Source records
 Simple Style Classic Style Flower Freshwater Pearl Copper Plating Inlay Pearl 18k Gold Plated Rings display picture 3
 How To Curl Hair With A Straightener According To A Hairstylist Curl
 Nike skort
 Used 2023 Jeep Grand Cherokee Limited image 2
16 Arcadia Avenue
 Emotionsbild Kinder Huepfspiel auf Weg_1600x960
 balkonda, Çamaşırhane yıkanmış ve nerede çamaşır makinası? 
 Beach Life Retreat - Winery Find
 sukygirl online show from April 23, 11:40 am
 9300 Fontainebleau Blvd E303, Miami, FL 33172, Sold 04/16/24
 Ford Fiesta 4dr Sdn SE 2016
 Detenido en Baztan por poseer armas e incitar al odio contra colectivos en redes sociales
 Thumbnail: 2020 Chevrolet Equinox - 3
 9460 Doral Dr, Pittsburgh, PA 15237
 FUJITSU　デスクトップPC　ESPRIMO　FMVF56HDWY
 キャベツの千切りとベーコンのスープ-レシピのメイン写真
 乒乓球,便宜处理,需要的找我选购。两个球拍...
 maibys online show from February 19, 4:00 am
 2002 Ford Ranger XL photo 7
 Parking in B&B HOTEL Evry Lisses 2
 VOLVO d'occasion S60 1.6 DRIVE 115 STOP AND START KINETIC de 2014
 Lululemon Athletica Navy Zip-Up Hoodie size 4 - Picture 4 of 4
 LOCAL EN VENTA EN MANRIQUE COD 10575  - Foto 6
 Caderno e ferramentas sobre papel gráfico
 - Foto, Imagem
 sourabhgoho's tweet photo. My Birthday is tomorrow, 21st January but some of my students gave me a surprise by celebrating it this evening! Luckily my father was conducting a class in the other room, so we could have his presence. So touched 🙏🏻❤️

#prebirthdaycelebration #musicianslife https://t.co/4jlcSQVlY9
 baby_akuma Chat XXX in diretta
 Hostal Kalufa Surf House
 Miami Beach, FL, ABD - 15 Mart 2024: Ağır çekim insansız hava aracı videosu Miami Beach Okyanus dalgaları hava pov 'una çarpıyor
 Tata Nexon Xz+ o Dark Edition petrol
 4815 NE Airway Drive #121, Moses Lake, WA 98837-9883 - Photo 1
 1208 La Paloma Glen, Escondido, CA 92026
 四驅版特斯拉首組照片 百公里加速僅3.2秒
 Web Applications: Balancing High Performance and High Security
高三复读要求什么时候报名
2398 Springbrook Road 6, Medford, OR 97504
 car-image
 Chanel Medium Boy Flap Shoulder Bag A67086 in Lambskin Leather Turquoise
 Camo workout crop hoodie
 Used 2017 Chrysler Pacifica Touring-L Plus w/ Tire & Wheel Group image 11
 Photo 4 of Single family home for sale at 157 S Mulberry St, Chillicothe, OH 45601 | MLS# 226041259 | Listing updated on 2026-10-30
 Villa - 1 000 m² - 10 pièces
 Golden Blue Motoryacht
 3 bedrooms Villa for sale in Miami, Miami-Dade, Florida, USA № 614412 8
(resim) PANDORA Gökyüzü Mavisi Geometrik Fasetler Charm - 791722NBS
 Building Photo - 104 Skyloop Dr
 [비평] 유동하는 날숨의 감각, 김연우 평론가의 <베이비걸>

▸ Task goal:
Across the data above, how many lines include the word "Foto"? Give only the count.

▸ Response to the exercise:
2